Leslie also shows how the private sector plays an important role in social movements, today, more than ever. Decades ago, in the National High Blood Pressure Education Program (led by the National Heart, Lung, and Blood Institute at NIH), companies became involved in a quiet way because they realized that we were creating a market for their medications.

But today, as Leslie points out, companies are much more up-front and engaged. They increasingly see that speaking out on public issues, involving their employees, and appealing to their customers can make a positive difference for them and for society. This will probably increase, because the opportunity to create business value through creating social and economic value—with company shareholders and societal stakeholders both benefiting—is one of the most powerful forces driving growth in the global economy. So whether companies are completely or only partially on board with our issues, we need and want them at the table. (Exclude the tobacco companies, please.)

Many of the movements Leslie studied are decades old, and despite their successes, there’s no end in sight. That’s because social change is seldom permanent, and it can be reversed. New generations grow up, lessons are forgotten, program funds are diverted, and technologies emerge.

Again, consider tobacco. While smoking among kids and adults has declined dramatically in the United States, the industry is still an evil global empire. As this is written, Big Tobacco has enough signatures for a ballot initiative to reverse San Francisco’s ban on menthol in cigarettes. Menthol is an alluring flavor that is the choice among half of all kids who begin smoking—and has even greater appeal among African American beginning smokers. At the same time, the industry is working on a new technology that they “promise” will reduce harm while providing the nicotine and flavor smokers crave. Internationally, it’s the wild, wild west; the industry is using many of the same tactics—from advertising to women and children, to product sampling and sponsoring music festivals—that they used to get away with in the United States. No, you can never drop your guard.

Finally, Leslie’s emphasis on leadership cannot be overstated.
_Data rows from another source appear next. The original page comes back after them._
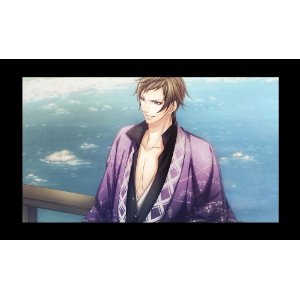 Urakata Hakuouki image 5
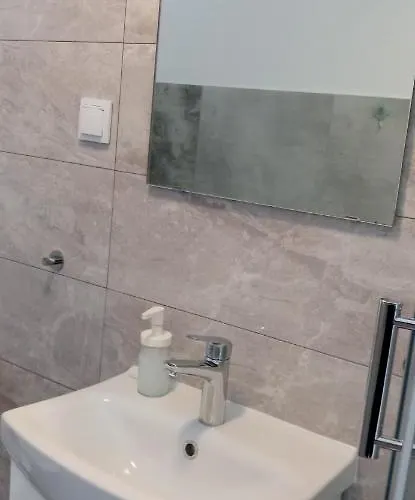 Goscinne Keja Penzion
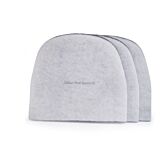 Ebac DDA510 12, 15 & 2250, 2650E 2850E Bactiguard Filters & Powerdri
Leaders make the difference in social movements, as in most human endeavors. But her finding—and our lesson—is that good leaders exist throughout a movement. You don’t have to be the woman or man at the top to be a leader. You can lead from the front, the middle, or the back of the parade. Colin Powell understood that. He said that real leadership is the capacity to influence and inspire. Powell asked this question: “Have you ever noticed that people will personally commit to certain individuals who, on paper or on the organization chart, possess little authority, but instead possess pizzazz, drive, expertise, and genuine caring for teammates?”
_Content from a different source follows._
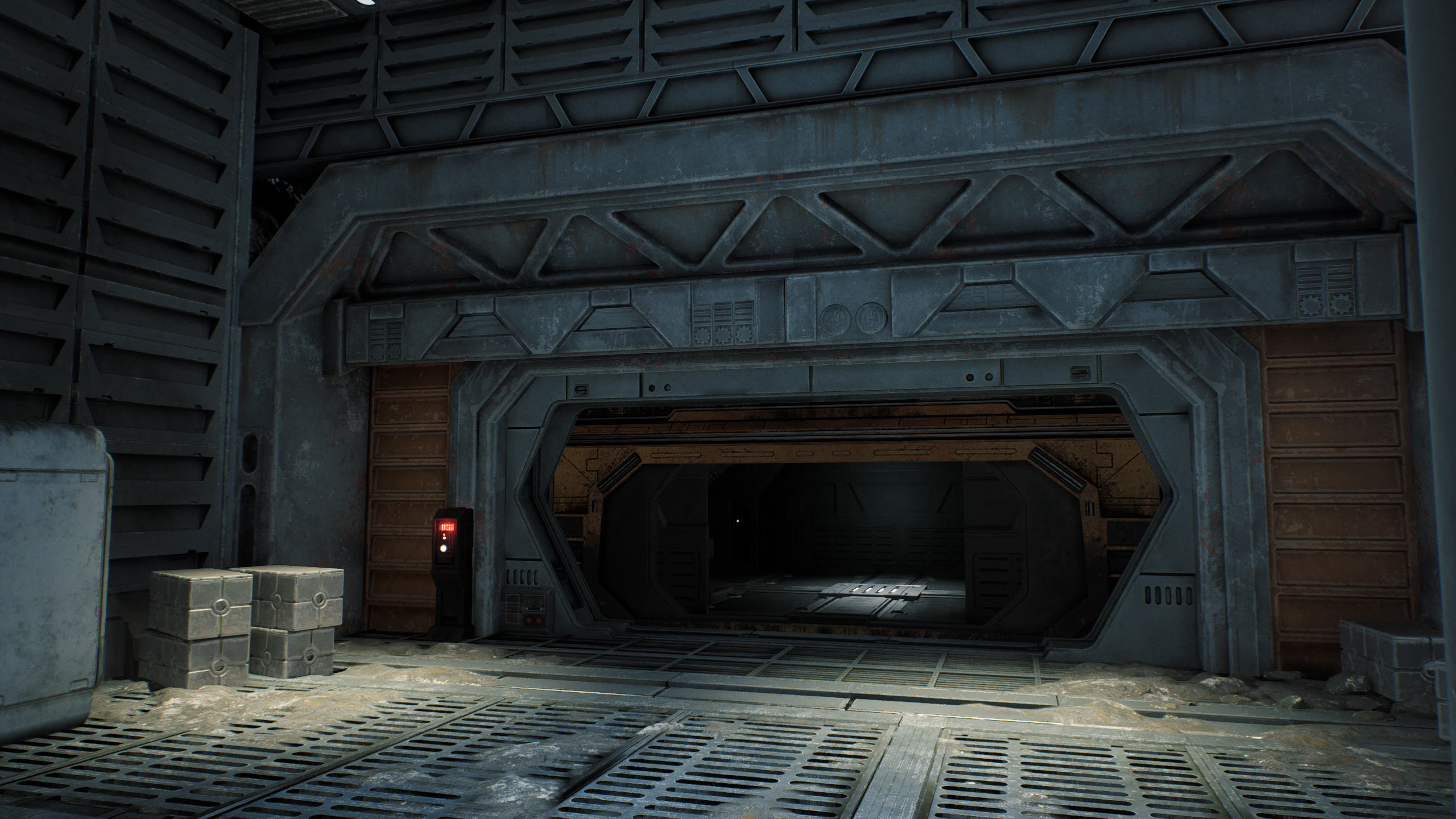 Star Wars Jedi : Fallen Order Screenshot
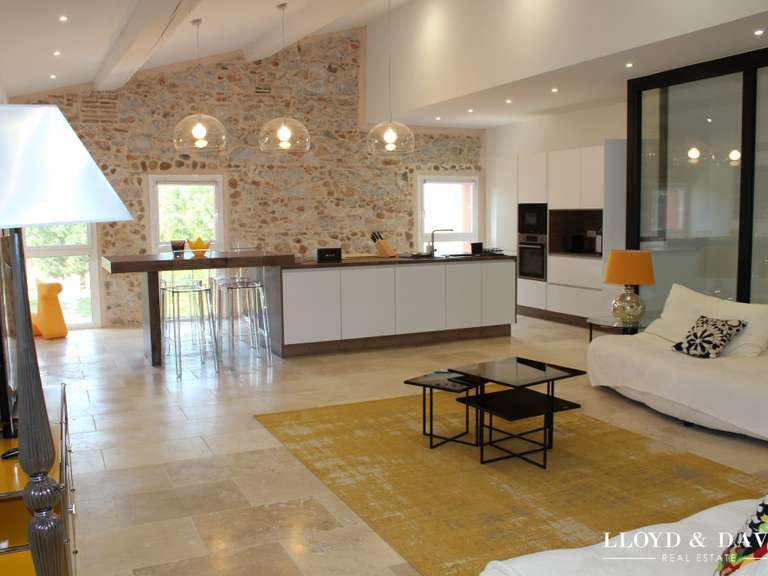 Maison Perpignan - 5 chambres - 479m²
Leaders set the direction and take us there. It’s not so much yelling “Charge up that hill,” but more like “Come with me.” And that’s why we can create social change, despite all the obstacles. That’s what makes Leslie’s book so hopeful. She calls it being “leaderfull.” Not “leaderless” or “leader-led.” We can all be engaged, and we can all make a difference.

A few years ago a newspaper article reported that a newly discovered bacterium was apparently eating much of the oil spill in the Gulf of Mexico and could potentially take care of this enormous problem. Wouldn’t it be great to have a bacterium to attack other big problems, like obesity, socio-economic inequality, or Alzheimer’s?

But no such luck. It turns out the article was inaccurate. There’s no virtuous bug to “eat” the oil spill or any of the other huge problems we face. So we have to tackle them ourselves. That’s what this book is about, and that’s why it’s so important.